Friday, May 7, 2010

Iron Man 2 is a solid second installment

Robert Downey Jr. proved to be the prototypical anti-hero superhero in Iron Man. A self aggrandizing, cocky war profiteer who under pressure and captivity builds a suit of armor and changes his ethos to become the man who brings America into an era of world peace. Yet at the same time retaining his character flaws, like the best superheroes before him, but without the sincere earnestness of Superman or the brooding scowl of Batman. Tony Stark is a superhero in the age of political polarity and the anxiety of terrorism. Who better than a hard drinking, conceited billionaire to save the day?

Of course Stark is hiding something in Iron Man 2. Beneath his arrogant but charismatic public persona is a frail and lonely man whose synthetic heart is dying on him and poisoning his blood. Can Stark withstand government interference (they want to confiscate his Iron Man suits) and battle a new enemy amidst his health problems? The enemy in question is Ivan Vanko (Mickey Rourke) a Russian physicist who has a grudge against the Stark legacy. No doubt if you've seen the trailers, you know what he's physically capable of. Vanko is hired by sleazy arms dealer Justin Hammer (Sam Rockwell) He's a kind of Lex Luthor type who gets in way over his head in his devious dealings.

We also get Samuel L. Jackson expanding his Nick Fury role and Scarlett Johannson in a sexy and confident turn as Stark's new secretary who may be more than she seems. Gywneth Paltrow gamely reprises her role as Pepper Potts, Stark's long suffering but loyal secretary who gets promoted to CEO of Stark Industries. Taking over the role of Col. James "Rhodey" Rhodes from Terrence Howard is the talented and versatile Don Cheadle.

Iron Man 2 delivers the goods the way a proper sequel should. It carries on what the first film started with a fast and breezy pace. It balances it's dramatic action with sly humor and in the middle of all the improbable chaos are likable and human characters. Even in his first scene, Ivan is allowed some humanity.

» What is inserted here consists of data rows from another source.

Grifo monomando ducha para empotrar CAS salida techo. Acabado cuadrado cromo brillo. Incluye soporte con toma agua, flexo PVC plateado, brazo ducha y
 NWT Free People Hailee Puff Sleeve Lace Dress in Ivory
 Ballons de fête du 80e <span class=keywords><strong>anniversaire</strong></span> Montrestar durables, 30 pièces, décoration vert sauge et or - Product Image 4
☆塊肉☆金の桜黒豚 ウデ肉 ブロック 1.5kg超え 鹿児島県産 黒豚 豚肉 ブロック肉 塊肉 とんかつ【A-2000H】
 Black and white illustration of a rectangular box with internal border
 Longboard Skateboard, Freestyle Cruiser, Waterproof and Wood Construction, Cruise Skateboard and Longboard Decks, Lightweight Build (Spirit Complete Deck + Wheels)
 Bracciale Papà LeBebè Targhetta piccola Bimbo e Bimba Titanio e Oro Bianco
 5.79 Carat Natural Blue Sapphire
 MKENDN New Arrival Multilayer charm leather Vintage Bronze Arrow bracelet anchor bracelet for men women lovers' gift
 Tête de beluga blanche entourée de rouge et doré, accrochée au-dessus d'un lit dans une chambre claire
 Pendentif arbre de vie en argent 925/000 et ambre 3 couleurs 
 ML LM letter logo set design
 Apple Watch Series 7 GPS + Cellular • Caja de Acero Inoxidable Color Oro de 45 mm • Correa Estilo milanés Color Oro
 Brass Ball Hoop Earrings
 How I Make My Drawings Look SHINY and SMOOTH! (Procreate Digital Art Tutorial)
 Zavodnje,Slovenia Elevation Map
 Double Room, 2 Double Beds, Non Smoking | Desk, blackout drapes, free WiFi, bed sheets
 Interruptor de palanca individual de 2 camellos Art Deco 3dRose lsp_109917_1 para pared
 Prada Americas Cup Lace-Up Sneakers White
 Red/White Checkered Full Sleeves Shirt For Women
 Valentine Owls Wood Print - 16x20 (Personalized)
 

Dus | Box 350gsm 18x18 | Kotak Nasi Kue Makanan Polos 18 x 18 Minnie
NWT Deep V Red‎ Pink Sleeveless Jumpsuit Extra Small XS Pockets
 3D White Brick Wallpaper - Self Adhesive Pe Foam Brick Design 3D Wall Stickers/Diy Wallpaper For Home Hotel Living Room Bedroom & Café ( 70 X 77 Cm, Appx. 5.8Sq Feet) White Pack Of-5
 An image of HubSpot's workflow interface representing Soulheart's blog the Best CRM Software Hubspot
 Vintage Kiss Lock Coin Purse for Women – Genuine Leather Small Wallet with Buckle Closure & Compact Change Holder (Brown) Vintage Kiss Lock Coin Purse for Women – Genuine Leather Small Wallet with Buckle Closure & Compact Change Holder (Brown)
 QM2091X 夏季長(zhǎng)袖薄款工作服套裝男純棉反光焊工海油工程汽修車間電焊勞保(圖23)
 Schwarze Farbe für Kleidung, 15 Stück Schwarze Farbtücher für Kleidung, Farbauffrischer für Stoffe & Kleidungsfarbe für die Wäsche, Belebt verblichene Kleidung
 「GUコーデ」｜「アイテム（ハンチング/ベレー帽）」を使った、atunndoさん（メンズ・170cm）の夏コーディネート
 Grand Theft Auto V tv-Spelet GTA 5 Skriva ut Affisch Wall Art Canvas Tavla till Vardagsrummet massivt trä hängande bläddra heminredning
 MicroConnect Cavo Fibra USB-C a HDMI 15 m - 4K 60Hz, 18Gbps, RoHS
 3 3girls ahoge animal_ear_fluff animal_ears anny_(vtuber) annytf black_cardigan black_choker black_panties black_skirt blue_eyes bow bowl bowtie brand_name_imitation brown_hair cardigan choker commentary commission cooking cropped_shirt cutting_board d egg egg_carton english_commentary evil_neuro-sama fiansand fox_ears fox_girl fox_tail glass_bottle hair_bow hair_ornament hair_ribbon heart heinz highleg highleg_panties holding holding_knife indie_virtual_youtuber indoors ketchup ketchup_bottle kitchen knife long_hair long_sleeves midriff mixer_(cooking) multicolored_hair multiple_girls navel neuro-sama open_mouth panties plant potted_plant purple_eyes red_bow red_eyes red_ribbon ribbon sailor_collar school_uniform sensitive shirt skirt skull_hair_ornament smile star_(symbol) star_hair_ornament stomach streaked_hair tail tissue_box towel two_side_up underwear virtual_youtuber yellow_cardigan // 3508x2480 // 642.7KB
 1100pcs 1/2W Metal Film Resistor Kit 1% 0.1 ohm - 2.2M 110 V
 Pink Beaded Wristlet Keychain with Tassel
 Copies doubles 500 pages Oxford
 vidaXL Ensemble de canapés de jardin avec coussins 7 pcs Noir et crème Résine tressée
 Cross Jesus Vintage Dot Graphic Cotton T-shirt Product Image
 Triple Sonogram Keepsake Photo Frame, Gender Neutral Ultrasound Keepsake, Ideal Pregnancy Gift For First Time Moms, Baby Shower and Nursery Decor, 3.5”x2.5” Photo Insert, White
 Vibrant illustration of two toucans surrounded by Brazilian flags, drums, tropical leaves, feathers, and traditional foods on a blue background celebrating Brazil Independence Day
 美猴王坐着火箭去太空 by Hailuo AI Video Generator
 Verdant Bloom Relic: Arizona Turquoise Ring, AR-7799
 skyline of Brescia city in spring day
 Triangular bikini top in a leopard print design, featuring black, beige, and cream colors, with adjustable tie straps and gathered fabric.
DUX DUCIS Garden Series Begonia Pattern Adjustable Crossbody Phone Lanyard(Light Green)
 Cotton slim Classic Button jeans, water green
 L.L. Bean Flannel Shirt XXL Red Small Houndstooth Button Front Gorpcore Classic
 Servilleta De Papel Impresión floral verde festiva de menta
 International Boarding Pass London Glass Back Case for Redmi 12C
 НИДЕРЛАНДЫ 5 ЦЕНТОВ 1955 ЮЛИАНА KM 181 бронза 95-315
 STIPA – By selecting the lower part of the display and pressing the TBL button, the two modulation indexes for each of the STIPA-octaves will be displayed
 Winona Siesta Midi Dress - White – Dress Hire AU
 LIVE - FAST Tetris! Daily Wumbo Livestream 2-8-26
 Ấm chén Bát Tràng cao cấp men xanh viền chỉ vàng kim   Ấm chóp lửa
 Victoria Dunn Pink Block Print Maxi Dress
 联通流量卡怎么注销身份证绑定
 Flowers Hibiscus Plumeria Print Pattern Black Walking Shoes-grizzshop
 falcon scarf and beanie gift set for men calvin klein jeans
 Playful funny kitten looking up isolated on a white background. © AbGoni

Before the film started, I sat through the trailers and saw at least three coming attractions that were of course upcoming 3-D movies. As this resurgence in the old fashioned craze of 3-D continues toward the summer movie season, it's refreshing to see a blockbuster that not only keeps things in 2-D but also gives us a smart and witty screenplay (by Justin Theroux) and sequences where shit gets blowed up real good. Who says you can't have it both ways?